The suit was filed by SD3 LLC and SawStop LLC of Tualatin, Oregon against the companies, claiming they had impeded the licensing of Gass's product and the adoption of SawStop technology industry-wide.

Gass has spent the past few months campaigning for his product, which uses skin-sensing technology to prevent table saw blades from injuring or amputating fingers.

He brought the device to the International Woodworkers Fair in Atlanta, FairWarning reports. There, he pushed a hot dog into a table saw blade, which stopped short just in time to prevent anything beyond a minor nick.

The company has been making its own saws since 2004 after failing to secure licensing deals with any of the major toolmakers and has chalked up 2,000 "finger saves" since (though there have been two reported amputations).

Gass claims the companies are obstructing him over fears that liability charges would skyrocket once a viable injury-prevention technology hit the market.
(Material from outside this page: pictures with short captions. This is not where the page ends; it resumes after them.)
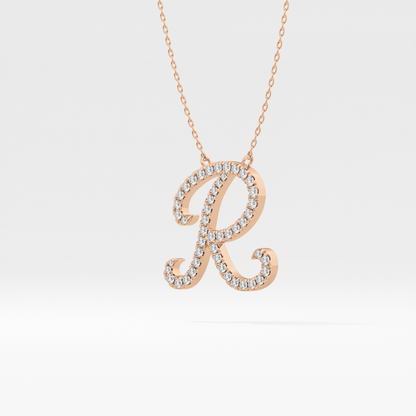 1.5 TCW Emerald Lab Grown Diamond Bezel Necklace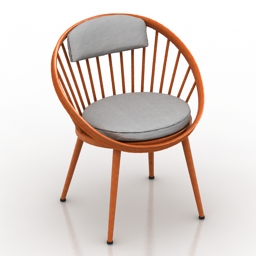 3D Chair preview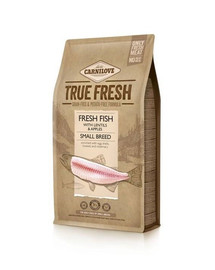 CARNILOVE True Fresh Fish Adult cibo umido per cani di piccola taglia 1,4 kg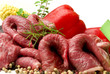 carne cruda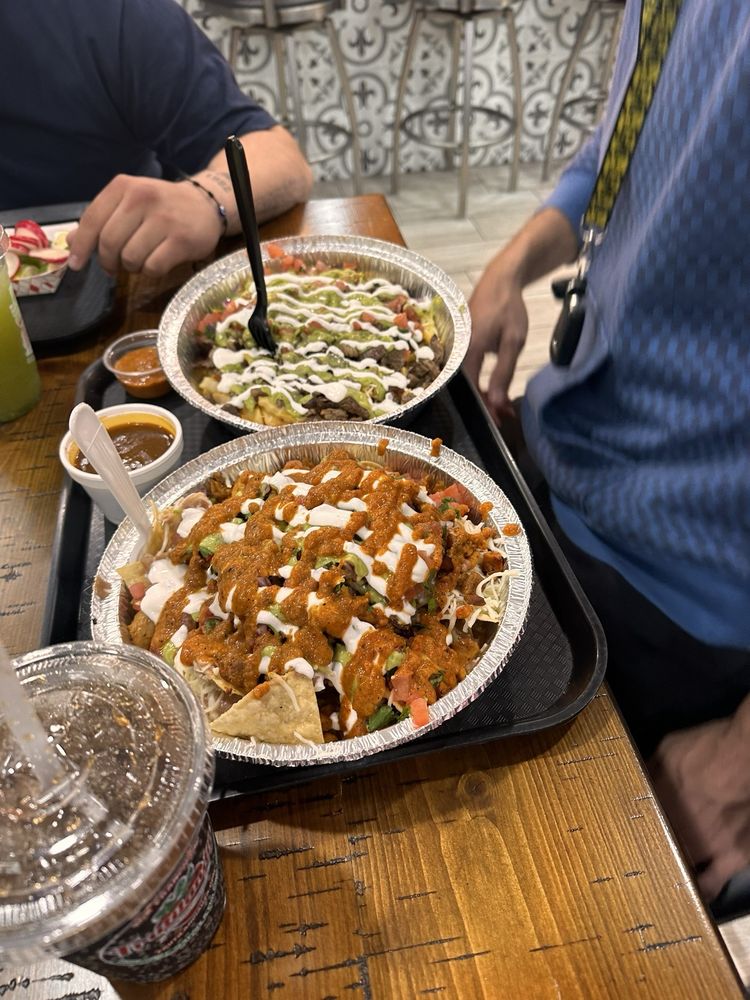 Food from Taqueria Factory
The companies argued that SawStop would be a burdensome expense, especially in the market for lightweight saws that usually cost about $100. They also claimed that injury statistics are exaggerated, and that adopting SawStop would make them unable to compete with the Power Tool Institute's less expensive products. The addition of the device would add $100 to the cost of a table saw, they claimed, which is partially due to high royalty fees that would be owed to SawStop.